[This article highlights the World Bank and R4D’s Africa-specific nutrition investment framework, which was featured on the agenda at the African Development Bank’s Annual Meetings in Lusaka, Zambia.]
Increasing investment to meet World Health Assembly targets for malnutrition could yield US$83 billion in additional GDP growth in 15 African countries, according to new analysis released by the Global Panel on Agricultural and Food Systems for Nutrition at the African Development Bank’s Annual Meetings in Lusaka, Zambia.
Today’s session on achieving nutritional security also provided the backdrop for the release of an Africa-specific investment framework developed by the World Bank and Results for Development. The framework suggests that the human and economic benefits of achieving these targets as they relate to stunting, wasting, anaemia, and breastfeeding, could be unlocked by increasing investment by just US$2.7 billion annually over the ten-year period leading up to 2025.

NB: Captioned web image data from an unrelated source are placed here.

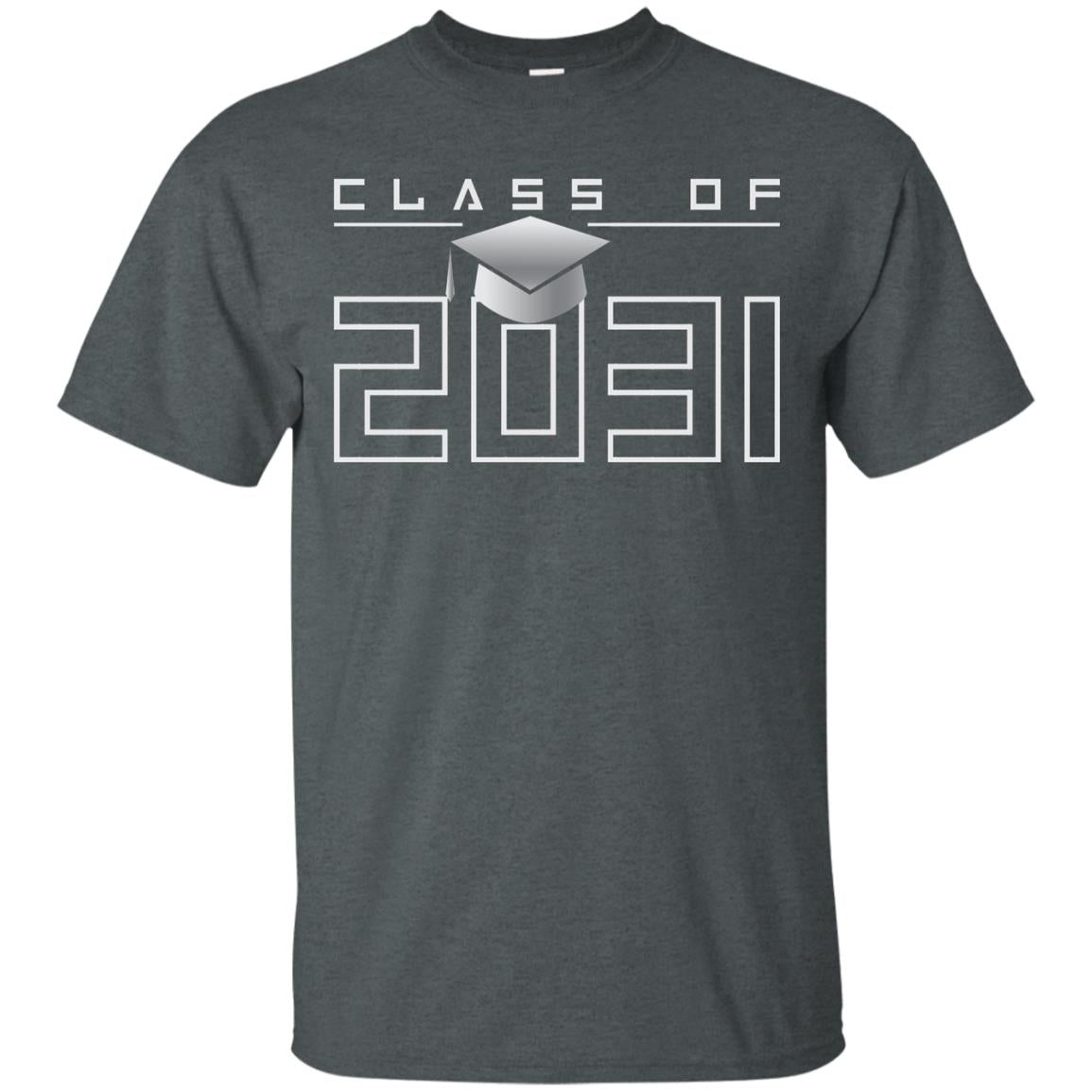 Class Of 2031 Kindergarten First Day Of School Graduate In 2031 Shirt Dark Heather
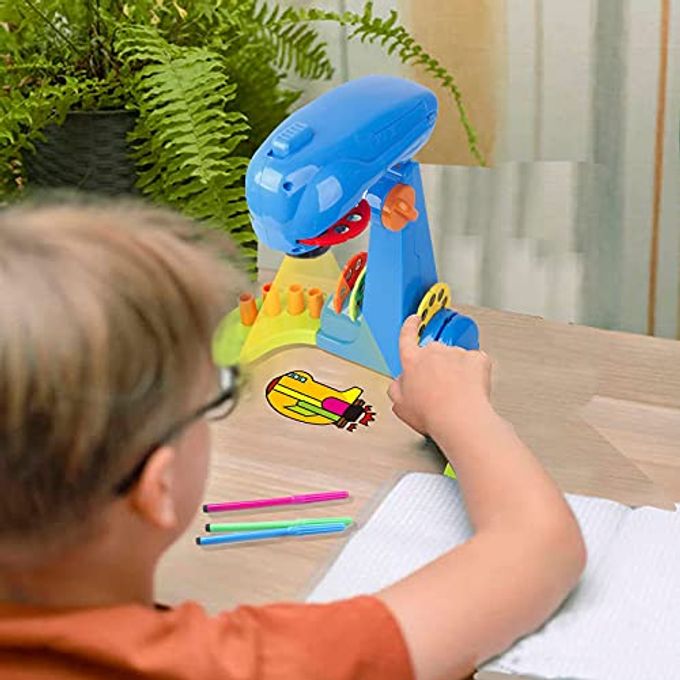 LEERFEI Kids Projection drawing Sketcher,smart Drawing Projector toy,with 32cartoon patters and 12color Brushes,Adjustable Drawing Pattern Size, Smart art Sketcher projector 2.0 , kid Learn to Draw and Sketch - Image 3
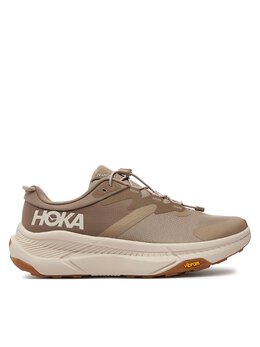 HOKA: Коричневые кроссовки 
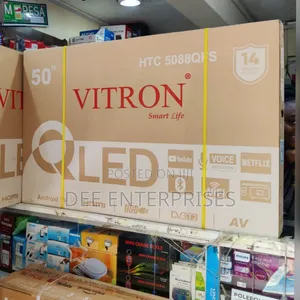 Vitron 50" Qled Smart Android Frameless With Bluetooth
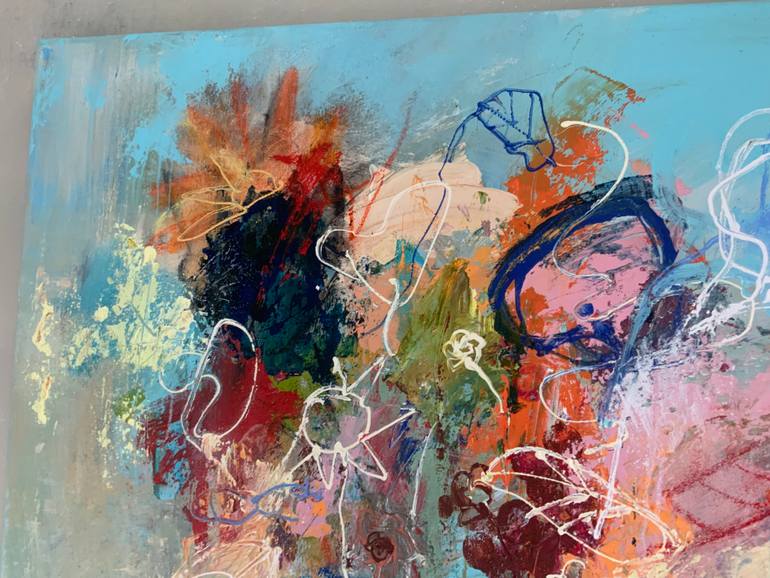 Original Abstract Expressionism Abstract Painting by Hennie Van De Lande
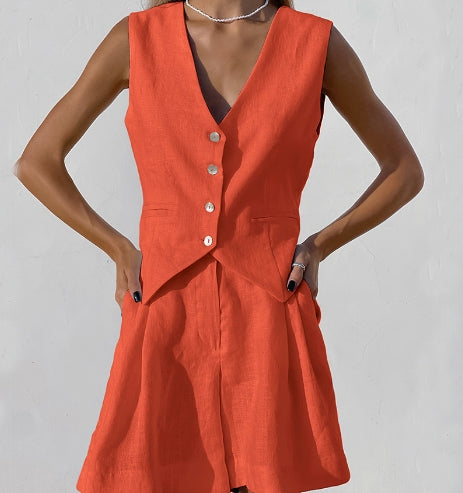 Elise - Ensemble deux pièces avec gilet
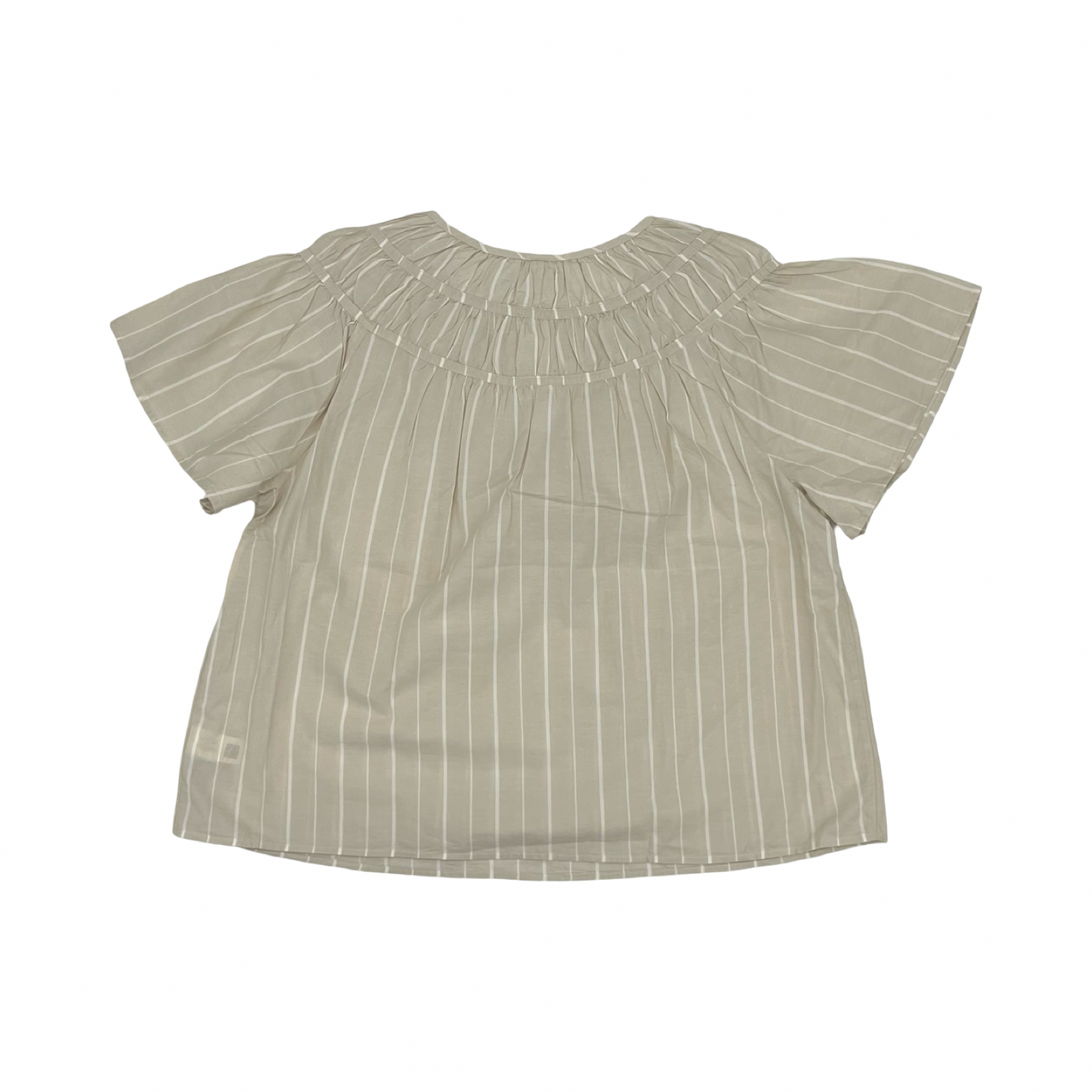 Blouse Ss By Old Navy In Tan, Size:L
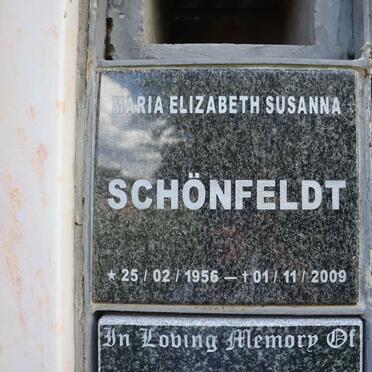 SCHONFELDT Maria Elizabeth Susanna 1956-2009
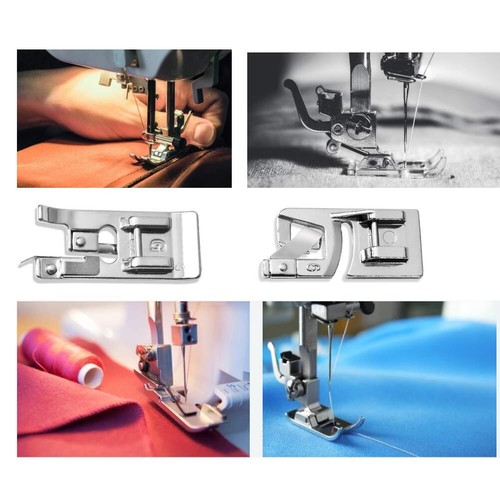 3 Pcs Hemming Foot Kit, Sewing Feet Kit, Rolled Hem Presser Foot Sewing Machi... - Picture 4 of 7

“Poor nutrition has cast a long shadow over entire generations, denying children, communities, and nations from reaching their full potential,” said Kofi Annan, former United Nations Secretary-General and Chair of the Kofi Annan Foundation. “One of the most critical steps we can collectively take to achieve nutrition security is to transform the continent’s agricultural sector. If African agriculture is to be truly transformed, investments must flow through the smallholder farmers, particularly women farmers and their families.”